Sizin o muntazam ve kuvvetli fabrika-i askeriyeniz, otuz milyon Osmanlı ve üç yüz milyon nüfus-u İslâmiyenin nokta-i istinadı ve mâden-i istimdadıdır.

Sizin iki müthiş istibdadı kansız ve def’aten öldürmeniz hârikulâde olduğundan ve şeriat-ı garrânın iki mu’cize-i garrâsını izhar ettiğinizden, zaifü’l-akide olanlara hamiyet-i İslâmiyenin kuvvetini ve şeriatın kudsiyetini iki burhan ile izhar eylediniz. Bu iki inkılâbın pahasına binler şehit verseydik, ucuz sayacaktık. Lâkin itaatinizden binde bir cüz’ü feda olunsa, bize pek çok pahalı düşer. Zira itaatinizin tenakusu, ukde-i hayatiye veya hararet-i gariziyenin tenakusu gibi, mevti intaç eder.

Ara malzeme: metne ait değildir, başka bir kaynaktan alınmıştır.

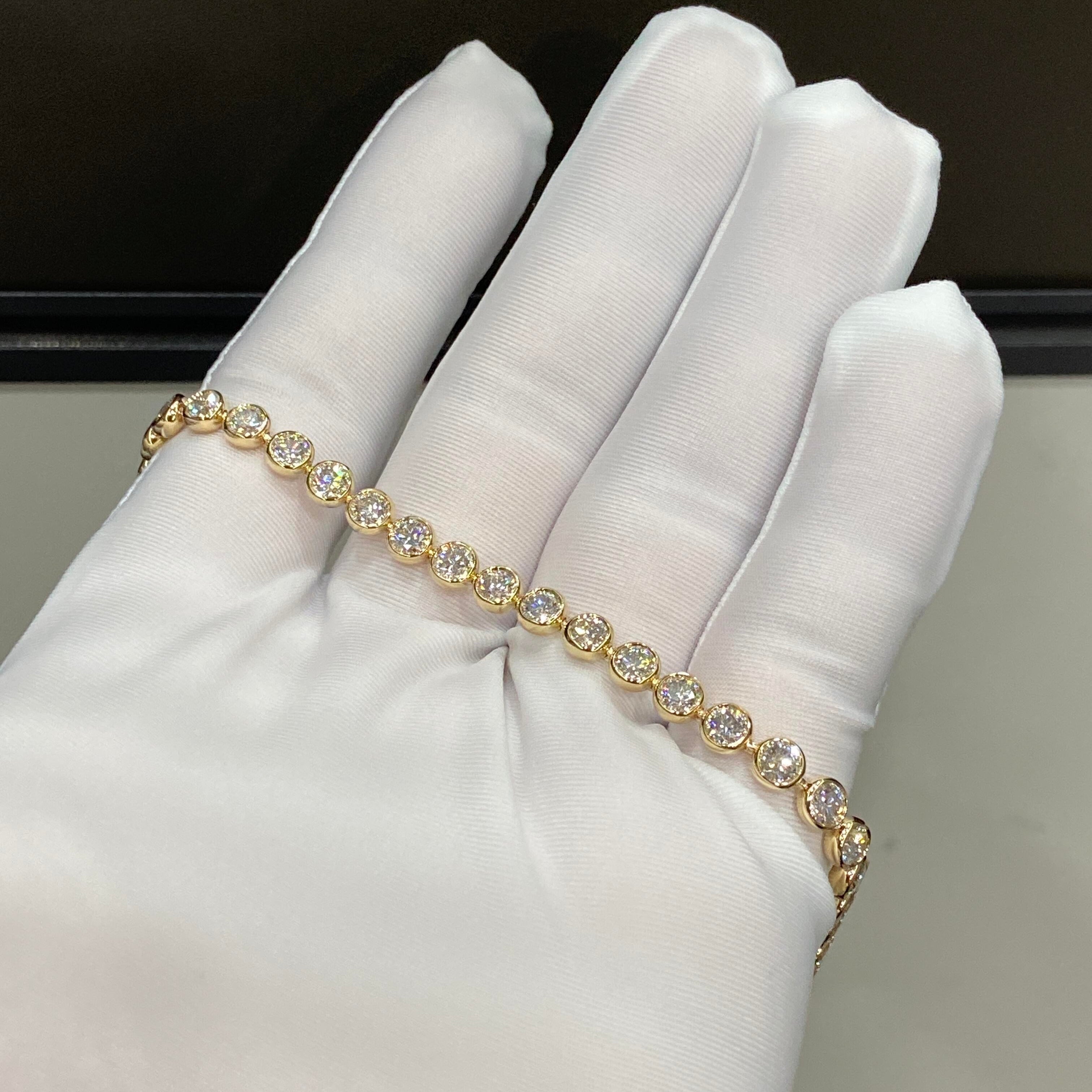 14k Yellow Gold Vvs Lab Grown Diamond Tennis Bracelet Bezel Setting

Tarih-i âlem serâpâ şehadet ediyor ki, asker neferatının siyasete müdahaleleri devletçe ve milletçe müthiş zararları intaç etmiştir. Elbette hamiyet-i İslâmiyeniz böyle sizi uhdenizde olan hayat-ı İslâmiyeye zarar verecek noktalardan men edecektir. Siyaset düşünenler, sizin kuvve-i müfekkireniz hükmünde olan zabitleriniz ve ûlülemirlerinizdir.

Bazen zarar zannettiğiniz şey, siyaseten büyük zararı def ettiği için ayn-ı maslahat olduğundan, zabitleriniz tecrübeleri hasebiyle görüyor ve size emir veriyor. Sizde de tereddüt câiz değildir. Ef’âl-i hususiye-i nâmeşrua, san’attaki meharet ve hazakate münafi değildir ve san’atı menfur etmez. Nasıl ki bir tabib-i hâzık ve bir mühendis-i mâhirin nâmeşrû harekâtı için, onların tıp ve hendeselerinden mani-i istifade olamaz. Kezalik, fenn-i harpte tecrübeli ve o san’atta mahir ve hamiyet-i İslâmiye ile münevverü’l-fikir zabitlerinizin bazılarının cüz’î nâmeşrû harekâtı için itaatinize halel vermeyiniz. Zira fenn-i harp mühim bir san’attır. Hem de sizin kıyamınız, şeriat-ı garrâ, yed-i beyzâ-i Mûsâ gibi, sair sebeb-i tefrika ve teşettüt-ü efkâr olan cemiyetleri bel’ etti. Sahirleri de secdeye mecbur eyledi. Harekâtınız bu inkılâpta ilâç gibiydi ki, fazla olsa zehre münkalip olur. Ve hayat-ı İslâmiyeyi fena bir hastalığa hedef eder. Hem de himmetinizle bizdeki istibdat şimdilik mahvoldu. Lâkin, terakkiler için Avrupa’nın istibdad-ı mânevîsi altındayız. Nihayet derecede ihtiyat ve itidal lâzımdır.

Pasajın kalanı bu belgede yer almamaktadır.